[Problem to solve]: After finding the line with "Dumbbell-Shape Metal Touch" in the data below, set down exactly each line through the one with "Invitation Dusty Blue", inclusive, and stop there.

[Entries supplied]:
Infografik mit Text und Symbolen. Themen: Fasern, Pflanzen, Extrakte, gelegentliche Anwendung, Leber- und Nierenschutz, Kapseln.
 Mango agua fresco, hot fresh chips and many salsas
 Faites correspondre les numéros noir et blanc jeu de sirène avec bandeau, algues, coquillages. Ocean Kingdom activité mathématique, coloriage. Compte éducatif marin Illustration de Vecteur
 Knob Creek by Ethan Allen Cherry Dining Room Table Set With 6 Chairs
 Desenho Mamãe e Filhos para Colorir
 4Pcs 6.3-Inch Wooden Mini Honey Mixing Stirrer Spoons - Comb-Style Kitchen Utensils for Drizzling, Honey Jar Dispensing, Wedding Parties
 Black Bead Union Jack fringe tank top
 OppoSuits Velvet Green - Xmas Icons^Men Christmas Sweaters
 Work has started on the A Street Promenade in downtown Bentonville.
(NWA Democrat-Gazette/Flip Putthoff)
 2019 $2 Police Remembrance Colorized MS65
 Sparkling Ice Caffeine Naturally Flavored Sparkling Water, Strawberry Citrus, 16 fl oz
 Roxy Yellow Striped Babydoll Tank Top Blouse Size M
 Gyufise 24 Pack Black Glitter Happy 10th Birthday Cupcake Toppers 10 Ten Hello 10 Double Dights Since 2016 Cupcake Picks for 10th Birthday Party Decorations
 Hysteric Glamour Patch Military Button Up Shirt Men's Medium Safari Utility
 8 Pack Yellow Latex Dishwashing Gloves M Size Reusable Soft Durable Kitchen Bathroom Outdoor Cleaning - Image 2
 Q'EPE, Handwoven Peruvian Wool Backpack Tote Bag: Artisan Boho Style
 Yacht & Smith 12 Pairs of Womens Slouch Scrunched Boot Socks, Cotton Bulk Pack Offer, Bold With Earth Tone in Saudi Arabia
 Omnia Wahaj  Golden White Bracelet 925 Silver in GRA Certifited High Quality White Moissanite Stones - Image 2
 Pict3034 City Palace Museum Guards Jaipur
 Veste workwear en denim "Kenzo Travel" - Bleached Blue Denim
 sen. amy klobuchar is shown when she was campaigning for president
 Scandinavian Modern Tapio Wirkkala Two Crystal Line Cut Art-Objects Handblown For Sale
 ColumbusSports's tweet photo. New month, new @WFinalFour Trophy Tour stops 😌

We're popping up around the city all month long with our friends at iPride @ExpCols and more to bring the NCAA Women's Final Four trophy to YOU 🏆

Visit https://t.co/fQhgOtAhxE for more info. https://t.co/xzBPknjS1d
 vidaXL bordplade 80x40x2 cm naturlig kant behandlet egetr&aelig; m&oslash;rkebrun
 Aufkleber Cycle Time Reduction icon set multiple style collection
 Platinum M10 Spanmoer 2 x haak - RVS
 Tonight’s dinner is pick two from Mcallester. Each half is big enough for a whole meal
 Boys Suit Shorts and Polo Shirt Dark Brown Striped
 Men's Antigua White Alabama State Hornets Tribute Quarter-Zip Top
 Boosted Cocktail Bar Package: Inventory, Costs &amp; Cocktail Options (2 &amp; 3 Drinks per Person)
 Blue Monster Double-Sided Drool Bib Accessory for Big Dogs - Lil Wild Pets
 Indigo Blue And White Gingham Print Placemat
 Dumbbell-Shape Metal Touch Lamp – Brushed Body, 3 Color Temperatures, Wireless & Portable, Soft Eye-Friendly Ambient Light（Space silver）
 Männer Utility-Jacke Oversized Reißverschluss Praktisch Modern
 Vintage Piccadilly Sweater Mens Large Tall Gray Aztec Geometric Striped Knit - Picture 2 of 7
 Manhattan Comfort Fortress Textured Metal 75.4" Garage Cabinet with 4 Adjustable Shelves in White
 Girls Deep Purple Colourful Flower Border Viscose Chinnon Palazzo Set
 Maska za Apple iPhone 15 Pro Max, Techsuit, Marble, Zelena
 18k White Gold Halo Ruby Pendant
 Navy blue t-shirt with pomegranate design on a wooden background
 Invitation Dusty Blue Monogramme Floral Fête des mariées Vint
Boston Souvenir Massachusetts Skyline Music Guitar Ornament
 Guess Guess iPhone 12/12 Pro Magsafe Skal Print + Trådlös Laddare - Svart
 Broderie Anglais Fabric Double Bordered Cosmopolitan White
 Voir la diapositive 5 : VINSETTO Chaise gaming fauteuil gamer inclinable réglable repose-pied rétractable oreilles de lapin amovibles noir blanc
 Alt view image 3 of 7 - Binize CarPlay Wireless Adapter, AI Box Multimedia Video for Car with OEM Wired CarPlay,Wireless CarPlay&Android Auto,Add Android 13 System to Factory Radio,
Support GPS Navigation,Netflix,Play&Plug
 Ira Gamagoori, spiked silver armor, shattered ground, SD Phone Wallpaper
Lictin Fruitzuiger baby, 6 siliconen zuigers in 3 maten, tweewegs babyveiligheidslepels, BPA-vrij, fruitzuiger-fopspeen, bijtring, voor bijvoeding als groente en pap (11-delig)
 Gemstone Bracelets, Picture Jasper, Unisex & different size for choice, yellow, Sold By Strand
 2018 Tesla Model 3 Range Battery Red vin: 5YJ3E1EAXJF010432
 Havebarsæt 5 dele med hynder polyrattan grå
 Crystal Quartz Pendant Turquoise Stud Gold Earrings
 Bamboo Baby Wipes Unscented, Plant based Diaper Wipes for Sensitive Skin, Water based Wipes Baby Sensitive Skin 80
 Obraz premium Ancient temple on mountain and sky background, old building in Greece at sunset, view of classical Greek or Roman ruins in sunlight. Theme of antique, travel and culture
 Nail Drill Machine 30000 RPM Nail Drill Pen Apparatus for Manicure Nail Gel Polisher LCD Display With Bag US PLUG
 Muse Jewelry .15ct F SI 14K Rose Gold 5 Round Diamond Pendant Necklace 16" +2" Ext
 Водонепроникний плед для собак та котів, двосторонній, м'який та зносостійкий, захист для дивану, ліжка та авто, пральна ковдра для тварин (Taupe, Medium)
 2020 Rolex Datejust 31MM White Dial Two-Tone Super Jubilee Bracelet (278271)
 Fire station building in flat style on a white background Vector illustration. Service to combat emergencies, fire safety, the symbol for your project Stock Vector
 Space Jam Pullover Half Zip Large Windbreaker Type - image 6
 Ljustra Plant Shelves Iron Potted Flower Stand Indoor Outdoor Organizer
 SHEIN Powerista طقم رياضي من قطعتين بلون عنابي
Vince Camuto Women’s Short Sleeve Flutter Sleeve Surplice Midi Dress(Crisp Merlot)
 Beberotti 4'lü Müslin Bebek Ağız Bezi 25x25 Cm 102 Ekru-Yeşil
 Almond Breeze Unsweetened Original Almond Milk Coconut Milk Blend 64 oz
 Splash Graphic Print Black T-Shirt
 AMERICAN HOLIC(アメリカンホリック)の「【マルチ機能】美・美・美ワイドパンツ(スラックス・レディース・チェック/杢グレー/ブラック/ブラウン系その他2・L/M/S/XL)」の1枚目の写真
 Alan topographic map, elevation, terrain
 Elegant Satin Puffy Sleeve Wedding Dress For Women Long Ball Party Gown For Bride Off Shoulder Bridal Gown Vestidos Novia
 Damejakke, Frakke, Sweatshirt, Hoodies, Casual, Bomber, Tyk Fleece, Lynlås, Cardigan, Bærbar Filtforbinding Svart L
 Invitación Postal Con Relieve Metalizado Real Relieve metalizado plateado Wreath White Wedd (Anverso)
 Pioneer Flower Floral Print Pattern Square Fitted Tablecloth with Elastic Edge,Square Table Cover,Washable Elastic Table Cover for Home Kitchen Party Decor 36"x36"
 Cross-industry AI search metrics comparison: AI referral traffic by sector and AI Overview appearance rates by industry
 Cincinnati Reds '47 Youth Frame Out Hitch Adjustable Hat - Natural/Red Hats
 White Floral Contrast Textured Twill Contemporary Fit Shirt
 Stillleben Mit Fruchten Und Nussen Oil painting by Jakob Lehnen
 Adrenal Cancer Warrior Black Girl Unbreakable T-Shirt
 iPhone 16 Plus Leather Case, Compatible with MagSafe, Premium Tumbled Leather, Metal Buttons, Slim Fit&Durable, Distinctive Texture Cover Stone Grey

[Expected answer]:
 Dumbbell-Shape Metal Touch Lamp – Brushed Body, 3 Color Temperatures, Wireless & Portable, Soft Eye-Friendly Ambient Light（Space silver）
 Männer Utility-Jacke Oversized Reißverschluss Praktisch Modern
 Vintage Piccadilly Sweater Mens Large Tall Gray Aztec Geometric Striped Knit - Picture 2 of 7
 Manhattan Comfort Fortress Textured Metal 75.4" Garage Cabinet with 4 Adjustable Shelves in White
 Girls Deep Purple Colourful Flower Border Viscose Chinnon Palazzo Set
 Maska za Apple iPhone 15 Pro Max, Techsuit, Marble, Zelena
 18k White Gold Halo Ruby Pendant
 Navy blue t-shirt with pomegranate design on a wooden background
 Invitation Dusty Blue Monogramme Floral Fête des mariées Vint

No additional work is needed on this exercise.